Geography and geology
Shaped like the letter "E", Lafonia is joined to the northern part of the island by a 1.5-mile narrow isthmus; were this isthmus to be severed, Lafonia would be the third largest of the Falkland Islands. Falkland Sound runs to the west between Lafonia and West Falkland. Choiseul Sound divides Lafonia from the northern part of East Falkland.
The geology of north west Lafonia is Permian, and similar to that of parts of Ecca Pass in South Africa. The plain of Lafonia is constituted by arenaceous sediments of the Lafonia Group. Depressions in the sediments formed where they were cut vertically by basalt dikes.
In the 21st century, Lafonia has seen gold prospecting by Falkland Gold and Minerals Ltd.
History and Population
The land is gentle and low-lying, but almost uninhabited, falling into the "camp" category. Most of its settlement occurred in the mid-19th century.
The peninsula is named after Mr Samuel Fisher Lafone, a wealthy Liverpudlian cattle and hide merchant trading on the River Plate. In 1845, Lafone obtained from the government a grant of the southern portion of the East Falkland, a peninsula 600,000 acres in extent, and possession of all the wild cattle on the island for a period of six years, for a payment of £10,000 down, and £20,000 in ten years from January 1, 1852. In 1851, Mr Lafone's interest in Lafonia, as the peninsula came to be called, was purchased for £30,000 by the Falkland Islands Company, which had been incorporated by charter in the same year.
Lafonia has been used for sheep farming since the early nineteenth century and is run from Darwin (founded 1859) and Goose Green, both of which are located on the narrow isthmus that separates Lafonia from the rest of East Falkland. North Arm Settlement is the only substantial settlement in Lafonia (not counting offshore islands), along with Walker Creek.
Attractions include the Bodie Suspension Bridge, built in 1925 and said to be the southernmost in the world. There is also a shop here. Listed buildings in Lafonia include The Galpon and Stone Corral in Darwin, The Stone Cottage and Goose Green Hall (owned by Falklands Landholdings) in Goose Green and Paragon House. 
The first battles on land during the Falklands War took place on Lafonia; famously the Battle of Goose Green, where over a thousand Argentine personnel were stationed and in the course of the British advance the Argentines imprisoned around a hundred locals in the community hall. The area now has an Argentine military cemetery.

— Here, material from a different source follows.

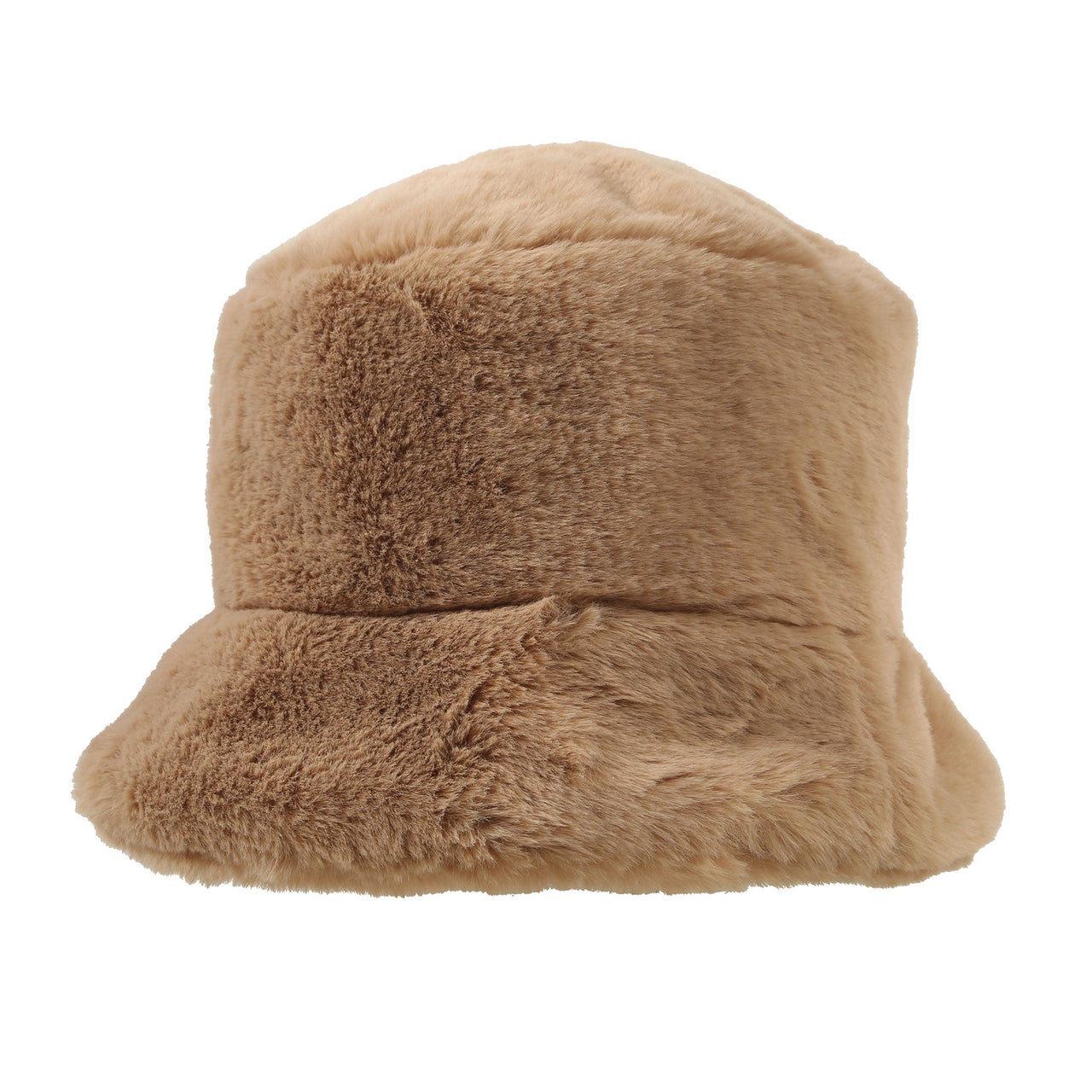 DENTS Women’s Faux Fur Bucket Hat - Camel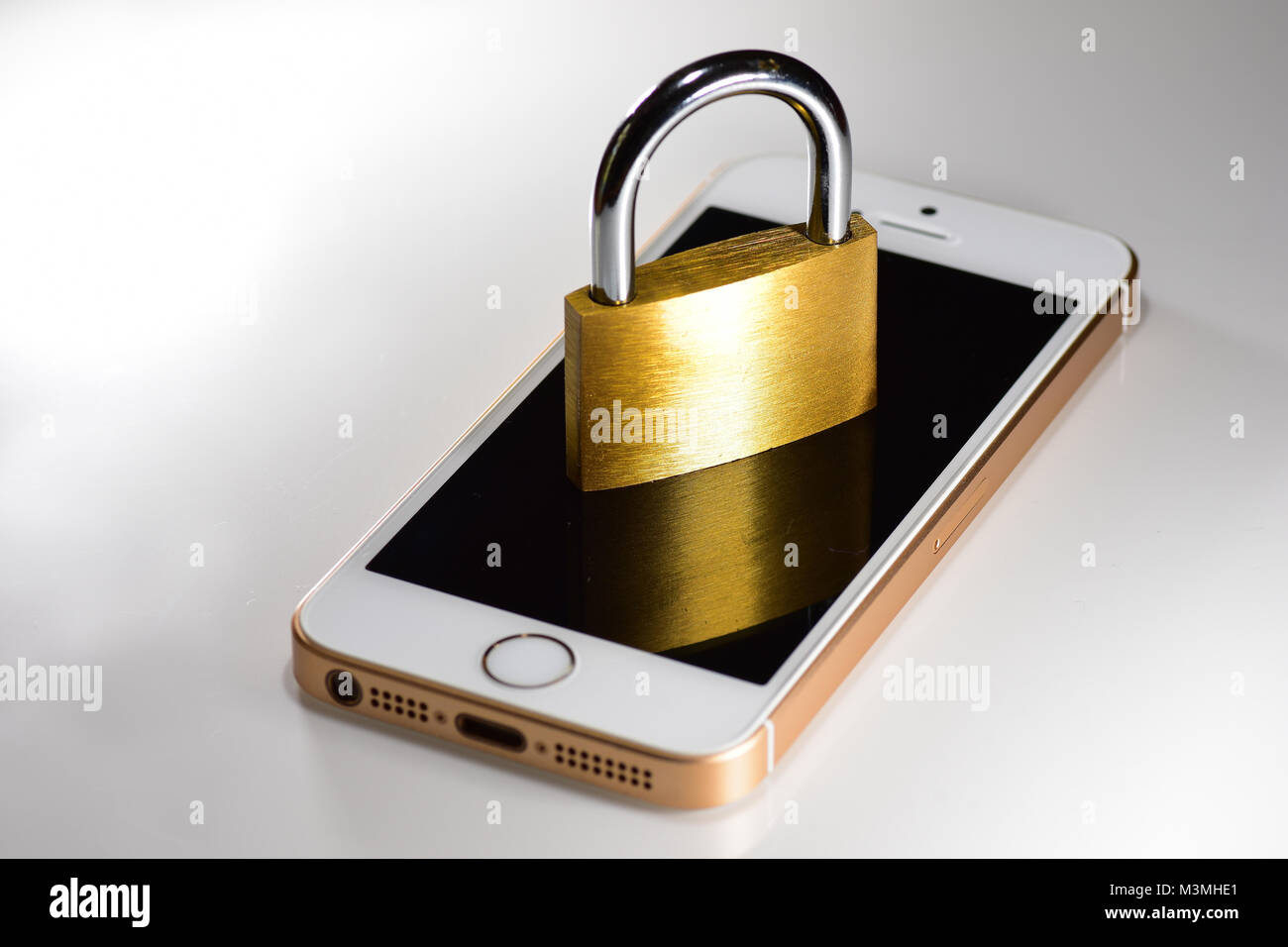 Locked iPhone technology time out Stock Photo Alamy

Parts of Lafonia, especially near Darwin and Goose Green, are still heavily mined.
Other settlements include Port King, Egg Harbour and the abandoned Hope Place.
Charles Darwin surveyed the area's wildlife during his now-famous voyage on HMS Beagle.
Lafonia's wildlife includes the Chiloe Wigeon, Silver Teal and Yellow-billed Pintail. Introduced brown trout are found in at least one stream  flowing into Choiseul Sound. There is also a population of Zebra trout.